When I sat down a day later to start my trim, I was working with a board stiff substance.  I decided to serge one edge to help me guide my foot.  I hadn’t decided whether to trim the serging later or use it some how, but I did like the idea of not working right on the edge.  That’s tricky at best.  The results can run the gamut from inspiring to gut-wrenching. So working 1/4-3/8″ from the edge was a much better idea.  Having the serger mark that amount for me was a piece of cake I couldn’t resist. Actually stitching the trim took less time the my testing. Let me repeat that:  Actual stitching the trim took less time the my testing. I was stunned to say the least.  In retrospect, I had tested several stitches and 2 different weights (5 and 8) perle cotton but only for a length of 6″.  I truly thought the final stitching would take much longer and was stunned to be finished so quickly.
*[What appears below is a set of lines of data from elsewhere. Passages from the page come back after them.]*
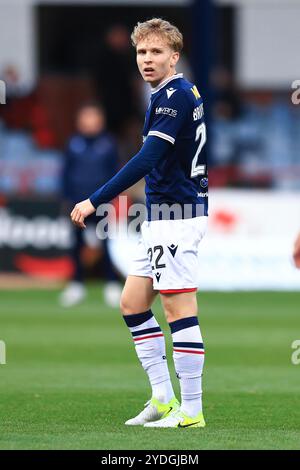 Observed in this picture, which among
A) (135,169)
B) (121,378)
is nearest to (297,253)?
(135,169)

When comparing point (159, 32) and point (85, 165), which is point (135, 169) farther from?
point (85, 165)

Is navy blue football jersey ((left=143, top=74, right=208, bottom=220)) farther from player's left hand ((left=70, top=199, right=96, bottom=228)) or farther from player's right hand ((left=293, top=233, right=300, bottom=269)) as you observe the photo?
player's right hand ((left=293, top=233, right=300, bottom=269))

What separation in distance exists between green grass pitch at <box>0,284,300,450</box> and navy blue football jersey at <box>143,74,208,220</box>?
133 cm

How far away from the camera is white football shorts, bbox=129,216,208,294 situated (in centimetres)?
707

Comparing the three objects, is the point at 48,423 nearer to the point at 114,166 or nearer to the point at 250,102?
the point at 114,166

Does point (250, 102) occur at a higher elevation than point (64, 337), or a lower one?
higher

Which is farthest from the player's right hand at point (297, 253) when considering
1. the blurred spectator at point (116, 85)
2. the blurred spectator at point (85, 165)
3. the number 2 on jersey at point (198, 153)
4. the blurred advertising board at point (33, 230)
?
the blurred spectator at point (116, 85)

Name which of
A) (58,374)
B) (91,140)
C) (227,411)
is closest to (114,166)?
(91,140)

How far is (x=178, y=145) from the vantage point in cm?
715

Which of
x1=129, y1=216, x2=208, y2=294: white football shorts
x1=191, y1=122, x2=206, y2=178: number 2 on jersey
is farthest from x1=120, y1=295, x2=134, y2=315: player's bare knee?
x1=191, y1=122, x2=206, y2=178: number 2 on jersey

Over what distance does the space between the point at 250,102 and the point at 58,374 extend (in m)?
13.6

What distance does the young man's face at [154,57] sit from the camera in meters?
7.07

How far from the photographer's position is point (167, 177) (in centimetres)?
716

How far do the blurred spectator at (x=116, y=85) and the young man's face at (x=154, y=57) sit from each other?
45.6ft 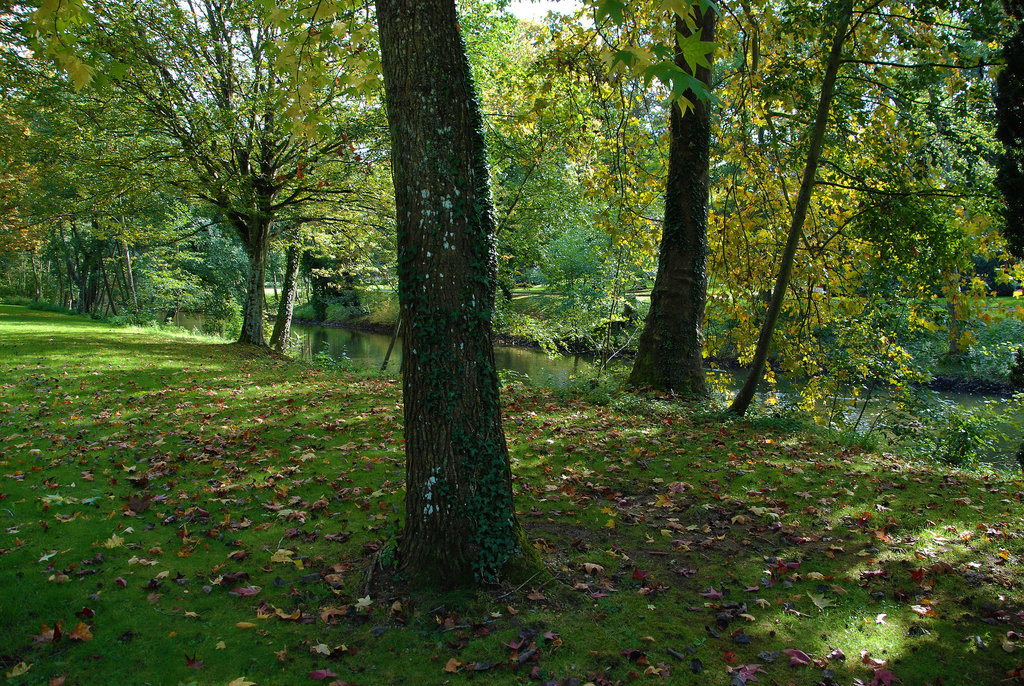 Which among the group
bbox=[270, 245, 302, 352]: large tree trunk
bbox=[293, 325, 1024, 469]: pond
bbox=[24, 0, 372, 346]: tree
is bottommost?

… And then life intervened yet again. This time thankfully. Because when I picked up my trim to continue my garment I was amazed yet again. This time because the side opposite on which I had serged and then stitched the perle cotton had stretched into a U shape.  Each of the 3 pieces (1 for each armscye and 1 for the neckline) had a definite resemblance to a new moon.  I rinsed out the starch; dried the strips; pressed; stretched; pressed some more; added steam. No matter how I tried to manipulate the result was the same. This would not accomodate my original vision of a 2-3″ neckline binding distracting the eye from the raglan sleeve. What to do?  Well I adapted my original vision.  Instead of sewing the binding so that the trim side would be 2.5-3″ from the neckline, the trim edge would now be sewn next to the neckline and armscye (right side to right side).  I then stitched a line 1 pressor foot away from the trim and towards the stretched bias and pressed the bias edge under to favor the last stitched line. I trimed the bias 3/4″ from the last stitched line.  I used a little SAS to secure the bias in place and then topstitched from the front side. Yes lots of pictures would be helpful here if I were creating a tutorial.  I’m not. So I do apologize if you need more details.  I didn’t photo the details and can’t share the step-by-steps. I can only hope I’ve given enough detail that you can think it through.

The end result was a slight lengthening of the sleeves and a slight decrease in the circumference of the neckline.  I like my trim muchly but I wouldn’t say it is eye-commanding.  Right now I would say I FAILED to interpret the design lines of Lekala 5105 and will work at this again.  However the top itself is a SUCCESS.  I took pictures on Mimie and then did a little styling on Mimie with a belt (I seldome wear belts), a vest (I wear them a lot) and a blouse-as-jacket (another oft-worn-garment for me).  I had intended to take pictures of me in the same top tomorrow. At the last second I decided “why not take pictures now, today?” and I did:

However, please take time to see the whole slide-show.  Despite the sour-puss expression above,I’m really pleased. This garment is not a show stopper.  It is a classic, wardrobe building top.  This version may need a little elastic run through the bias to snug the bias to my neck. The stabilizing of the neckline does seem to have done the trick of dis-allowing a deep scoop neck — because if you watch closely through the slide show you will notice that the center front hem is raised and needs a little more fabric to hang evenly.  I’m delighted that evaluations of the problem and the solutions have turned out to be correct.  You have no idea how ego building this is for me.